Hi, now the EXIT: Restoration Failed issue was gone, but I am having strange optimal solution with the following example
using JuMP
using Ipopt
model = Model(Ipopt.Optimizer)
@variable(model, α, start=1.0 )
@variable(model, β, start=1.0 )
x = [1. 2.; 3. -1; 5.0 3.;6. 7.]
f(α, β) = maximum(sum([α β] .* x, dims=2))
g(α, β) = minimum(sum([α β] .* x, dims=2))
JuMP.register(model, :f, 2, f, autodiff=true)
JuMP.register(model, :g, 2, g, autodiff=true)

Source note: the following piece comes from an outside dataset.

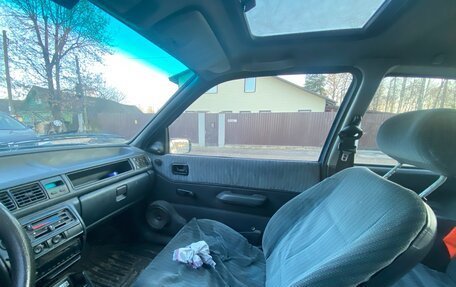 Ford Fiesta, 1994 год, 165 000 рублей, 9 фотография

@NLobjective(model, Max, f(α, β) / g(α, β) )
optimize!(model)
output
Number of objective function evaluations = 368
Number of objective gradient evaluations = 12
Number of equality constraint evaluations = 0
Number of inequality constraint evaluations = 0
Number of equality constraint Jacobian evaluations = 0
Number of inequality constraint Jacobian evaluations = 0
Number of Lagrangian Hessian evaluations = 0
Total CPU secs in IPOPT (w/o function evaluations) = 0.171
Total CPU secs in NLP function evaluations = 0.004
EXIT: Optimal Solution Found.
result:
julia> value(α)
-6.616112462703816e14
julia> value(β)
2.2053711899565838e14
julia> objective_value(model)
0.08333330892901637
however, this is definitely not good solution as even with start number 1, the objective could be 6.5. what is wrong with my formulation?